The one-time porn actress has managed to get out of a nightmare: losing control of her identity after signing an abusive contract without reading the small print. Now, she owns her narrative and her future

Mia Khalifa
Mia Khalifa
Raquel Peláez

When Mia Khalifa gave a conference in Oxford last May, invited by the university’s student union, she had to confront her imposter syndrome. It is unusual for a woman who owes her global celebrity to porn to be a respected voice at one of the world’s most prestigious universities. But it’s hard to think of someone who could speak with more authority on the topic at hand: the weight of being an influencer and content creator and the limits of privacy in the profession.

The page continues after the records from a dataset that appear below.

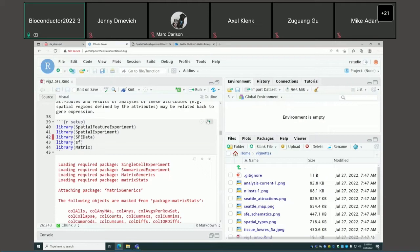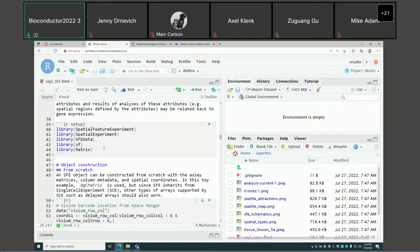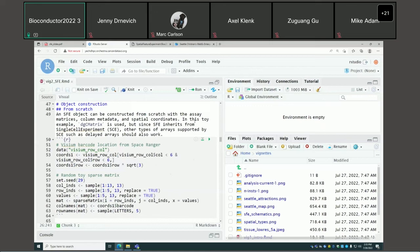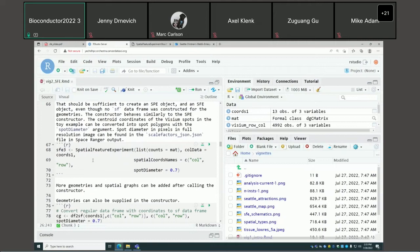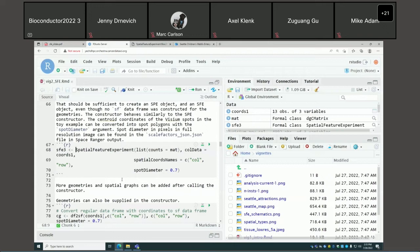The text explains what those fields are. Now we load the packages. The example data is from the SFEdata package. To construct an SFE object, we can do it from scratch from a sparse matrix and call the constructor, which behaves very similarly to the constructors of SingleCellExperiment and SpatialExperiment.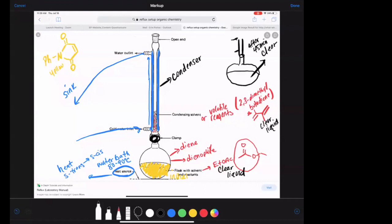We've had cases where someone didn't turn on their condenser before starting to heat, and they lost some of the diene — it evaporated before it could get condensed. If that happens, you would simply add more diene until all the yellow disappears. It'd be an easy fix, which is pretty cool.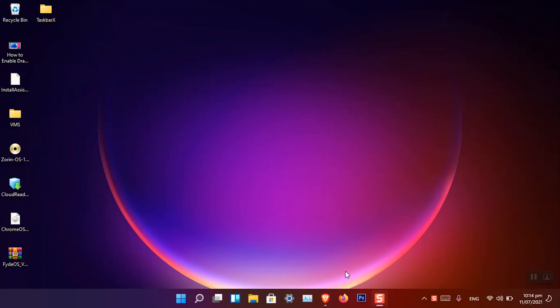Hello everyone, I am Gulam Abbas. I hope you guys are fine and doing great. In this video I'm going to show you how you can edit the taskbar in Windows 11. Microsoft have made some broad changes to the taskbar in Windows 11.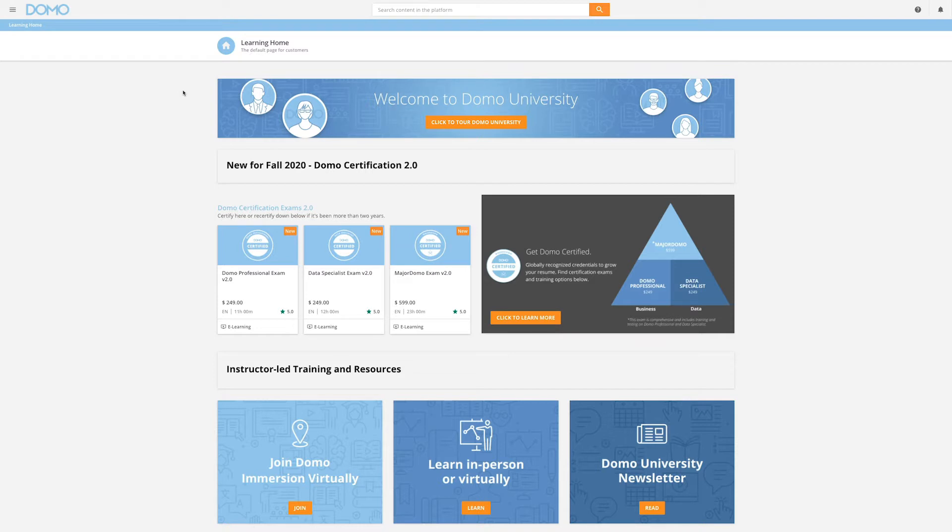This short video will show you how to register for a public learning course using a coupon in Domo University.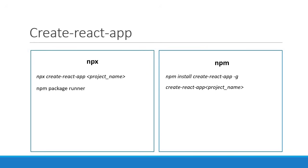Now that we understand how to generate a simple React app, in the next video let's understand the application's folder structure. Thank you guys for watching, I will see you guys in the next one.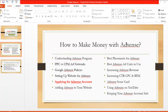Welcome back. In this lecture we'll talk about applying for an AdSense account. If you already have an AdSense account, that's great — you can use it on multiple websites. A single account is enough for many websites. But if you don't have an AdSense account, you can easily apply for one.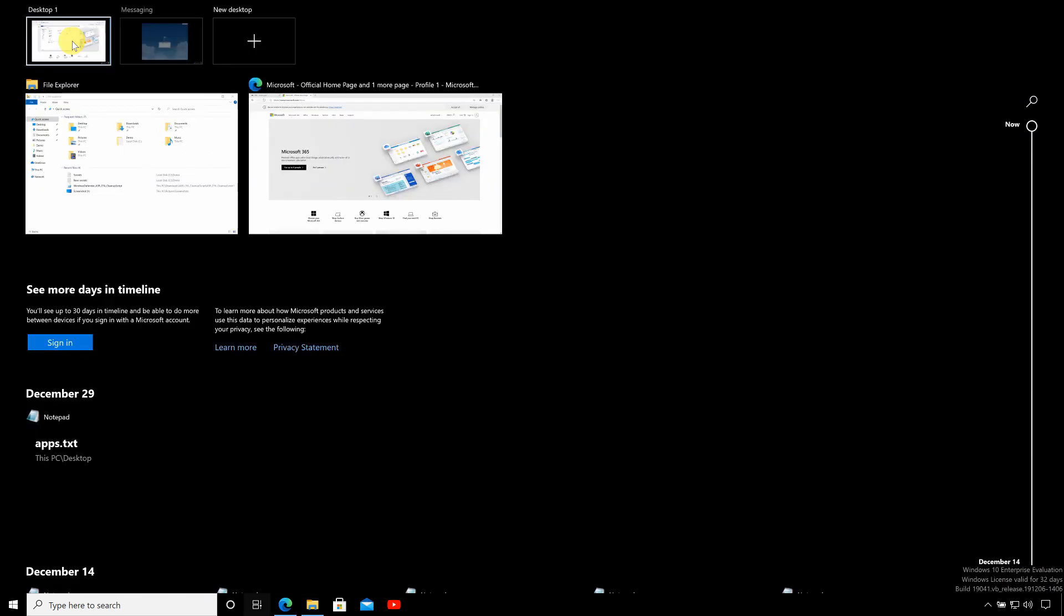If you'd like to see more detailed information about how to work with virtual desktops, then check out the video link in the top right corner of the screen that you can see now.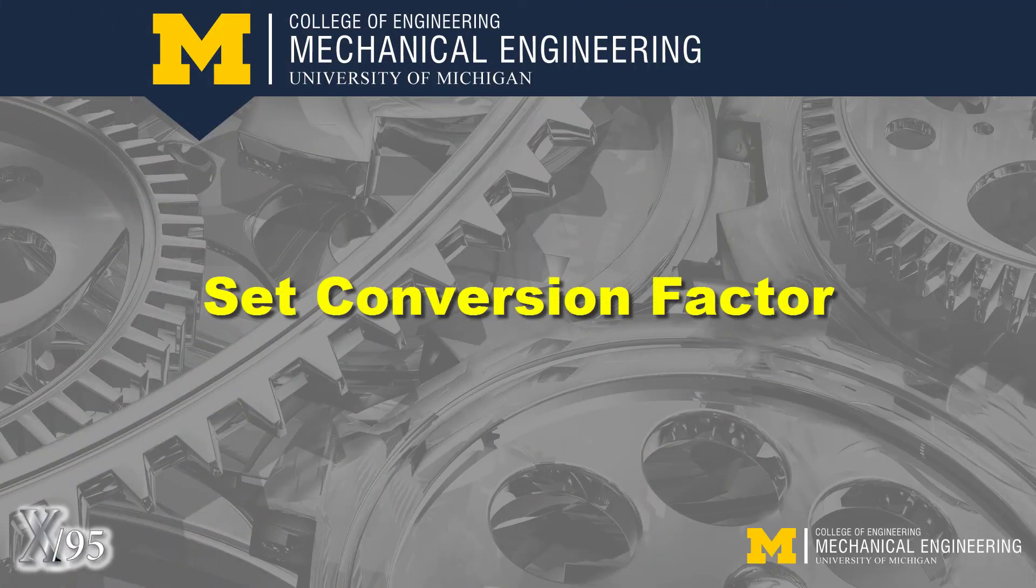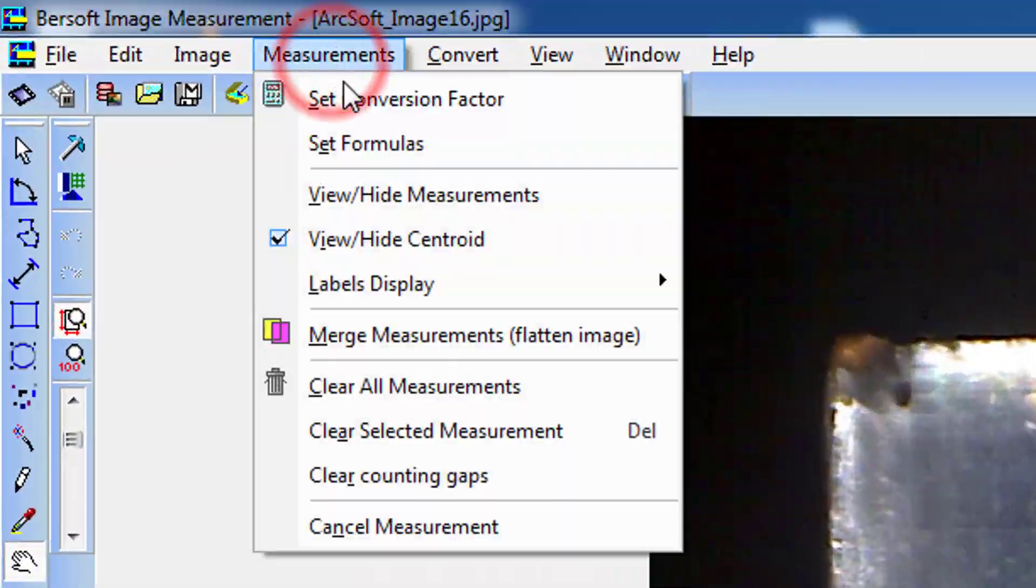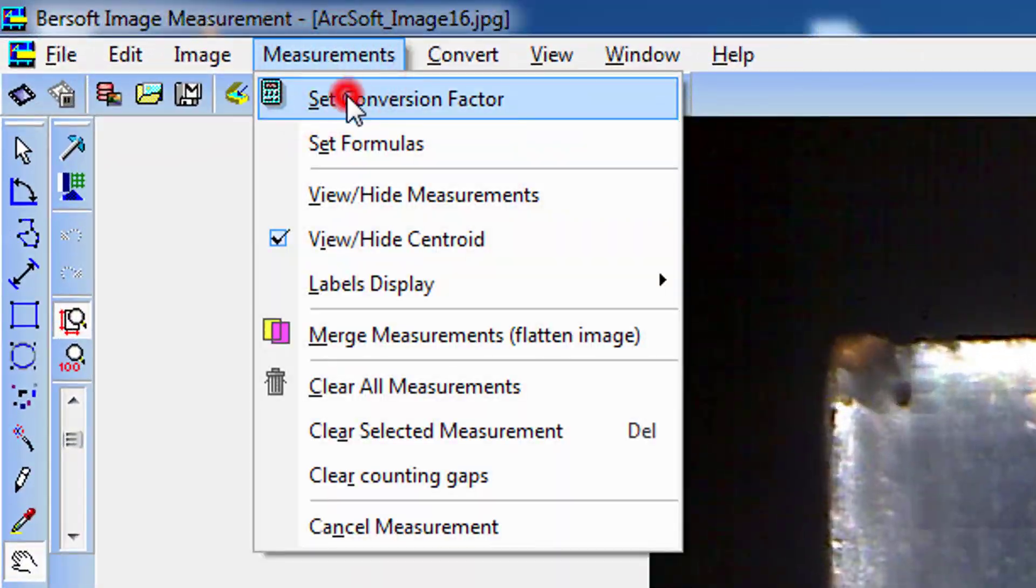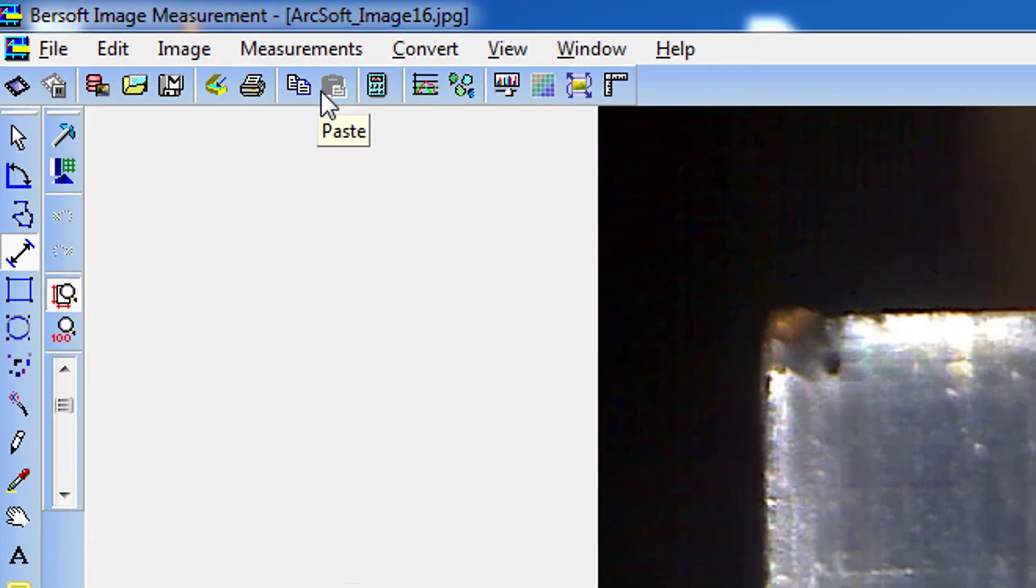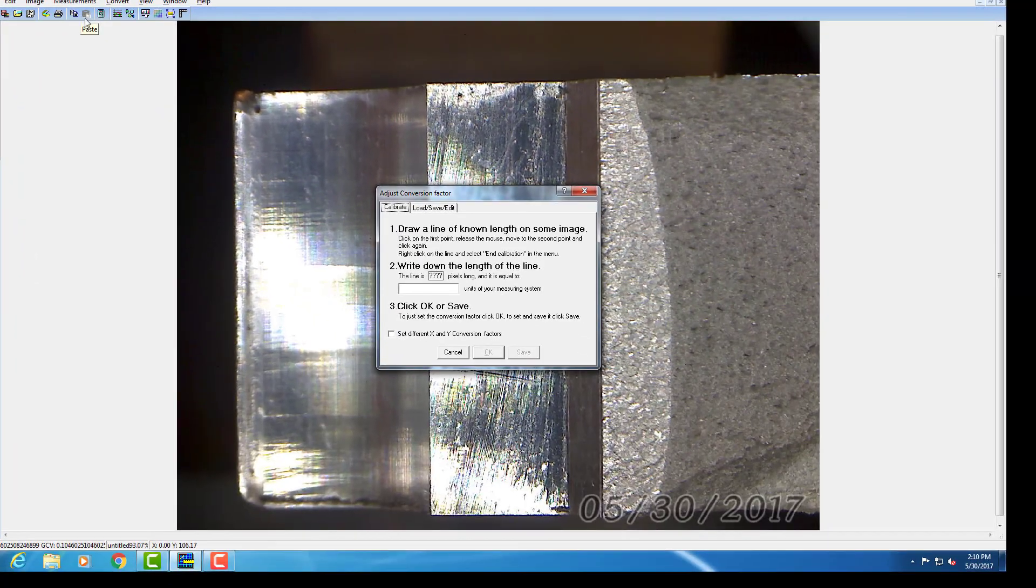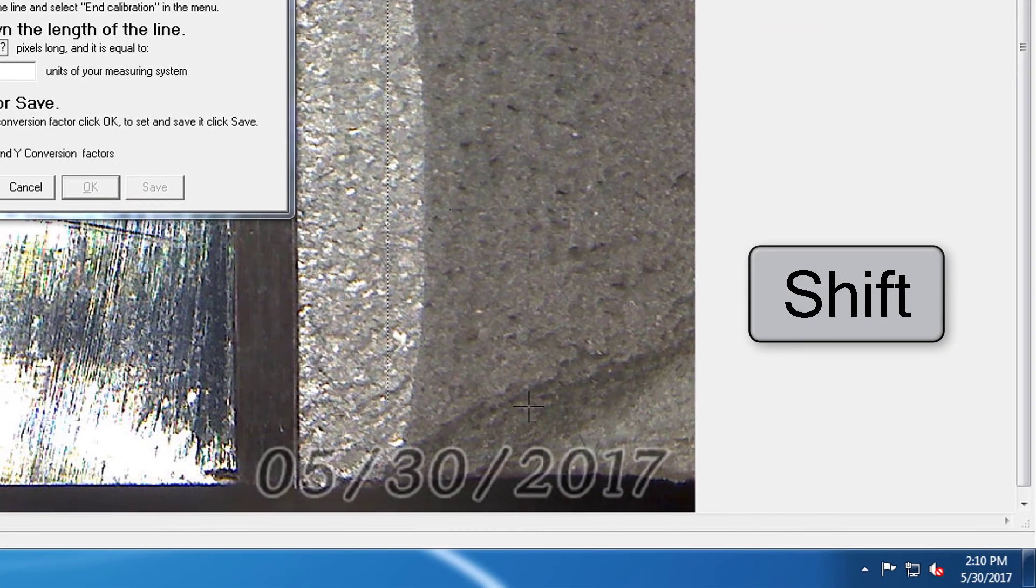We'll use the measured thickness to establish a conversion factor from image pixels to millimeters. Select Set Conversion Factor under Measurement in the menu bar. Select a point along the top edge and then press Shift to orthogonally move to the lower edge to select a second point.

A decade ago, Sarah Joe Chamoun accepted an offer from a coworker at a fast-food restaurant in Miami to san a contract with a producer of adult films. She didn’t know that in a little over two years, and 37 films, she would become a legend, the most-searched actress on the most popular porn platform in the world, thanks partly to appearing wearing a hijab in some of the scenes. Nor did she know that in this way she was forever selling her body to the company and that she would never again be the owner of her own image. When she tried to recover it, it was too late: “I tried at one point, but about three years ago I stopped fighting for that cause when a law firm I worked with pro bono warned me that we weren’t going to get anywhere: that the fight would take decades of my life, millions of dollars and that even then there was no guarantee I could beat them,” she explains, laughing and articulate on the other side of the screen, where she appears in her bedroom dressed in a simple tracksuit. Despite how difficult it has been for her, Mia Khalifa has ended up finding a new path: she has her own space on OnlyFans (where she does performances, not nude) and a body jewelry brand called Sheytan. “I have found support in my friends. One of them, Sarah, has helped me to rationalize my feelings, to make the most of my dreams and fantasies, to see a future”.

Mia Khalifa
LOUIS VUITTON dress, ACNE STUDIOS jeans, JUSTINE CLENQUET waist chain and SHEYTAN chain bra and sternum chain. Photo: Fabien Montique / Styling: Nono Vázquez

Question: You have said that you turned to porn at a very young age in search of money but also self-esteem. Did it help you for the latter? After all, you became one of the most desired women in the world.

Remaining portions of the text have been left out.